Accurate prediction of patient survival rates in cancer treatment is essential for effective therapeutic planning. Unfortunately, current models often underutilize the extensive multimodal data available, affecting confidence in predictions. This study presents MMSurv, an interpretable multimodal deep learning model to predict survival in different types of cancer. MMSurv integrates clinical information, sequencing data, and hematoxylin and eosin-stained whole-slide images (WSIs) to forecast patient survival. Specifically, we segment tumor regions from WSIs into image tiles and employ neural networks to encode each tile into one-dimensional feature vectors. We then optimize clinical features by applying word embedding techniques, inspired by natural language processing, to the clinical data. To better utilize the complementarity of multimodal data, this study proposes a novel fusion method, multimodal fusion method based on compact bilinear pooling and transformer, which integrates bilinear pooling with Transformer architecture. The fused features are then processed through a dual-layer multi-instance learning model to remove prognosis-irrelevant image patches and predict each patient's survival risk. Furthermore, we employ cell segmentation to investigate the cellular composition within the tiles that received high attention from the model, thereby enhancing its interpretive capacity. We evaluate our approach on six cancer types from The Cancer Genome Atlas. The results demonstrate that utilizing multimodal data leads to higher predictive accuracy compared to using single-modal image data, with an average C-index increase from 0.6750 to 0.7283. Additionally, we compare our proposed baseline model with state-of-the-art methods using the C-index and five-fold cross-validation approach, revealing a significant average improvement of nearly 10% in our model's performance.

查看原文本刊更多论文

MMsurv：一个整合病理图像、临床信息和测序数据的多模式、多实例、多癌症生存预测模型。

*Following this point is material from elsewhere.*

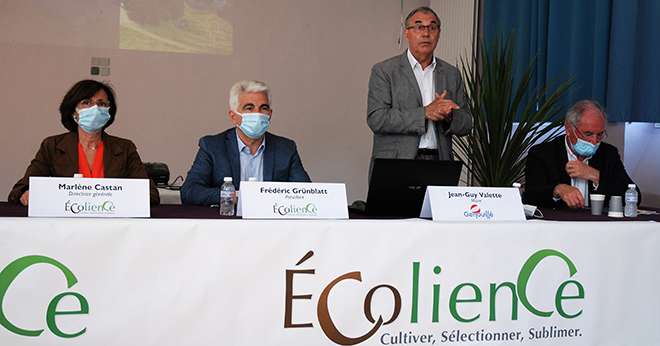 Jean-Guy Valette, maire de Genouillé (debout), a soutenu politiquement la concrétisation du projet Écolience porté par Frédéric Grünblatt et Marlène Castan (à gauche). Photo : O.Lévêque/Pixel6TM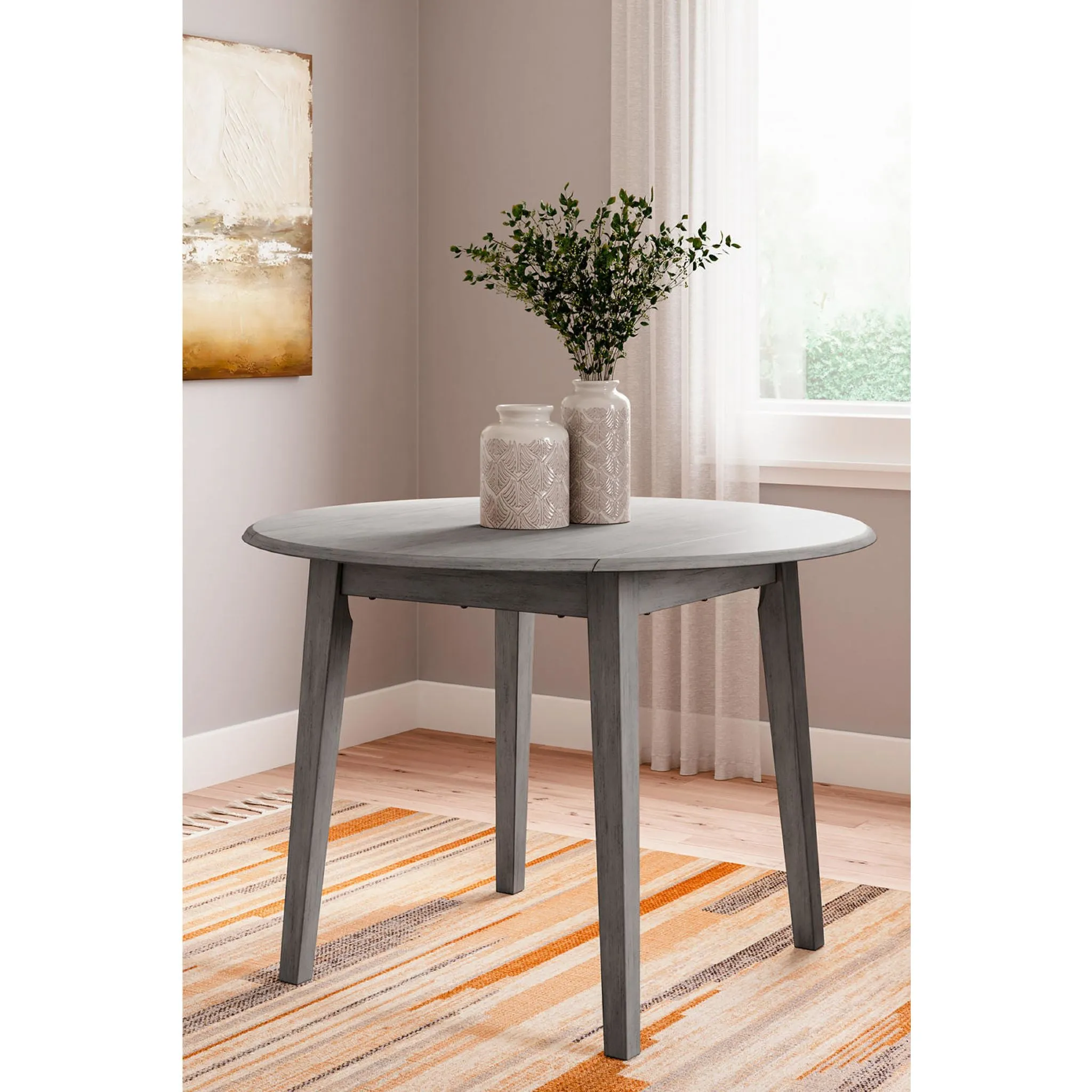 Shullden Dining Set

癌症治疗中患者生存率的准确预测对于有效的治疗计划至关重要。不幸的是，目前的模型往往没有充分利用现有的大量多模态数据，影响了预测的可信度。本研究提出MMSurv，一个可解释的多模态深度学习模型，用于预测不同类型癌症的生存。MMSurv整合了临床信息、测序数据、苏木精和伊红染色的全片图像（WSIs）来预测患者的生存。具体而言，我们将肿瘤区域从wsi中分割成图像块，并使用神经网络将每个块编码为一维特征向量。然后，我们通过将受自然语言处理启发的词嵌入技术应用于临床数据来优化临床特征。为了更好地利用多模态数据的互补性，本研究提出了一种新的融合方法——基于紧凑双线性池和变压器的多模态融合方法，该方法将双线性池与transformer架构相结合。然后通过双层多实例学习模型对融合的特征进行处理，去除与预后无关的图像补丁，并预测每个患者的生存风险。此外，我们使用细胞分割来研究受到模型高度关注的瓷砖内的细胞组成，从而增强其解释能力。我们对来自癌症基因组图谱的六种癌症类型进行了评估。结果表明，与使用单模态图像数据相比，使用多模态数据的预测精度更高，平均c指数从0.6750提高到0.7283。此外，我们使用c指数和五倍交叉验证方法将我们提出的基线模型与最先进的方法进行了比较，结果显示我们的模型性能平均提高了近10%。

本文章由计算机程序翻译，如有差异，请以英文原文为准。

求助全文

约1分钟内获得全文求助全文

来源期刊

Briefings in bioinformatics 生物-生化研究方法

CiteScore

13.20

自引率

13.70%

发文量

549

审稿时长

6 months

期刊介绍： Briefings in Bioinformatics is an international journal serving as a platform for researchers and educators in the life sciences. It also appeals to mathematicians, statisticians, and computer scientists applying their expertise to biological challenges. The journal focuses on reviews tailored for users of databases and analytical tools in contemporary genetics, molecular and systems biology. It stands out by offering practical assistance and guidance to non-specialists in computerized methodologies. Covering a wide range from introductory concepts to specific protocols and analyses, the papers address bacterial, plant, fungal, animal, and human data. The journal's detailed subject areas include genetic studies of phenotypes and genotypes, mapping, DNA sequencing, expression profiling, gene expression studies, microarrays, alignment methods, protein profiles and HMMs, lipids, metabolic and signaling pathways, structure determination and function prediction, phylogenetic studies, and education and training.